Suppose there were a built-in ruleset named "Example0" that covered the domain bar.example.com, and badpage.htm on that domain suddenly broke (such as by redirecting to http). We should let users write something like:

<userexclusionset name="Example0 (emergency fix)" applies_to_ruleset="Example0">
 
        <target host="bar.example.com" />
 
 
        <exclusion pattern="^http://bar\.example\.com/badpage\.htm(\?|$)" />
 
</userexclusionset>

TODO: Consider whether the UI design demands a name attribute (should the user exclusion set be given its own line in the ruleset list, or should it silently apply without a checkbox choice?). Also: whether targets are needed, what syntax should be defined for "exclude from securecookie," and whether we should provide a mechanism to add coverage to an existing ruleset rather than merely exclusions (Tor Trac ticket 10033 and GitHub ticket 296 mention a work-in-progress Chrome implementation of the last).

Provide a means by which a rule in one ruleset can override a downgrade rule in another ruleset

The proposed attribute name is softdowngrade.

softdowngrade behaves like downgrade except that the code should check whether there is an enabled rule that would rewrite the opposite way (as there would be if both rulesets were enabled in the example below) and ignore the softdowngrade if so.

An example for a real site, specifically an xkcd comic that has unsecurable mixed scripts and fails to display any image when those scripts are blocked:

As a further example, a similar situation has already been found in the search feature on Stack Exchange sites (the downgrade in Stack-Exchange.xml ought to be a softdowngrade). (Does the fighting between the current Stack-Exchange.xml and Stack-Exchange-mixedcontent.xml cause redirect loops if the latter is manually enabled? This needs testing.)

This feature should be used only for pages that have true (unsecurable) mixed content that breaks major functionality (including, but not limited to, layout breakage severe enough to make the site unusable by an experienced, normally-abled user).

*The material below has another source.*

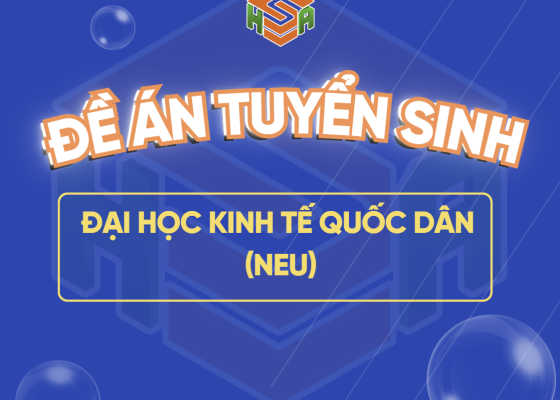 ĐẠI HỌC KINH TẾ QUỐC DÂN CÔNG BỐ ĐỀ ÁN TUYỂN SINH 2025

To consider: Instead of defining softdowngrade, is it better simply to give the existing downgrade attribute such "soft" behavior (i.e., explicitly give normal rules precedence over downgrade rules)? IIRC, currently, no code in the HTTPS Everywhere browser extension actually reads the downgrade attribute; it is read only by validation scripts as part of the build process.

New values for platform attribute

  • aia - Currently, rulesets for sites with incomplete certificate chains are simply default_off'd. This is a potential alternative for browsers that support fetching intermediate certificates in accord with Authority Information Access fields; currently it seems equivalent to chrome according to this comment.
  • mixedpost - Really means false mixed POST; Firefox checks for these separately from mixed content, so a fix for bmo:878890 might not automatically address this; true mixed POSTs should(?) generally be handled by splitting coverage of the referring page to a default-off ruleset if major functionality is broken
  • mixedxhr - when enforcement of same-origin policies causes problems with XMLHttpRequest calls (see torbug:7851)
  • softmixed (or falsemcb?) - exact definition to be decided later; needed in order to distinguish "good" and "bad" MCB implementations
  • tor - needed if we ever want to allow clearnet domains to be rewritten to hidden services - mailing list discussion exists on whether this is worth doing at all - newer tickets include GitHub #3798

Pseudoplatforms

These MUST NOT disable any rulesets without explicitly warning the user first. Instead, they SHOULD clarify the wording of the browser's TLS error pages, specifically to explain that the needed TLS feature may be broken by an intercepting proxy or webmaster misconfiguration. An initial implementation MAY treat these as no-ops. That is, in order to enable the corresponding rulesets by default, the browser addon MAY choose to pretend that all supported browsers match these platform values.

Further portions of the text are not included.